By David Alire Garcia and Enrique Andres Pretel
SAN JOSE (Reuters)
The centre-left’s Carlos Alvarado Quesada decisively defeated a conservative Protestant singer in Costa Rica’s presidential runoff election on Sunday by promising to allow gay marriage, protecting the country’s reputation for tolerance
A former minister and fiction writer, Quesada, 38, had 61 percent of the vote with results in from 95 percent of polling stations, a far bigger lead than predicted by opinion polls that foresaw a tight race.
“My commitment is to a government for everybody, in equality and liberty for a more prosperous future,” he told thousands of cheering supporters blowing horns and waving Costa Rica’s red, white and blue flag.
“There is much more that unites us than divides us.”
His rival, Alvarado Munoz, a 43-year-old former TV journalist known for religious dance songs, quickly conceded, sinking to his knees, arms raised, in front of supporters, some of them crying.
“We didn’t win the election,” he said, adding that he had congratulated his opponent in a telephone call and, in another sign of Costa Rica’s cordial politics, promised to help him resolve the country’s problems.
The election had exposed divisions in the Central American tourist destination known for laid-back beach culture and pristine rainforests, but where some rural communities remain socially conservative.
It could also reflect the mood elsewhere in Latin America, where elections are being held this year in several countries that have backed same sex unions, provoking a conservative reaction.
Alvarado Quesada, until recently a minister in the outgoing government, will be the youngest president in the modern history of Costa Rica when he takes office in May.
Also known for his student prog-rock band, he used the campaign to appeal to his country’s centrist streak.
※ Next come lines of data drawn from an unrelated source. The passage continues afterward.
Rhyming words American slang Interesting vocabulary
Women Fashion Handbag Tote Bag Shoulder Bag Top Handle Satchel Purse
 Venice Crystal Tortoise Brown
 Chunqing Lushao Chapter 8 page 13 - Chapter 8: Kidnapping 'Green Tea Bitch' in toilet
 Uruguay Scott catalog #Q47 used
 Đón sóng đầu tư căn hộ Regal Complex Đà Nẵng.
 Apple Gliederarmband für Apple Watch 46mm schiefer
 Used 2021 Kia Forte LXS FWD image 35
His vice presidential candidate, Epsy Campbell, will be the country’s first Afro-Costa Rican to serve in that role.
Opponent Alvarado Munoz had vowed to restore what he called traditional values by preventing gay marriage and restricting women’s access to abortions.
The two men took opposing positions on a January decision by the Inter-American Court of Human Rights, an influential regional body based in San Jose.
Fabricio, as supporters refer to Alvarado Munoz, called the ruling an affront to sovereignty. Threatening to remove the country from the court’s jurisdiction, he shot from the margins to win the first round of voting in February.
Quesada, by contrast, backed the court’s ruling. In the campaign’s final debate, he called his opponent’s comments homophobic.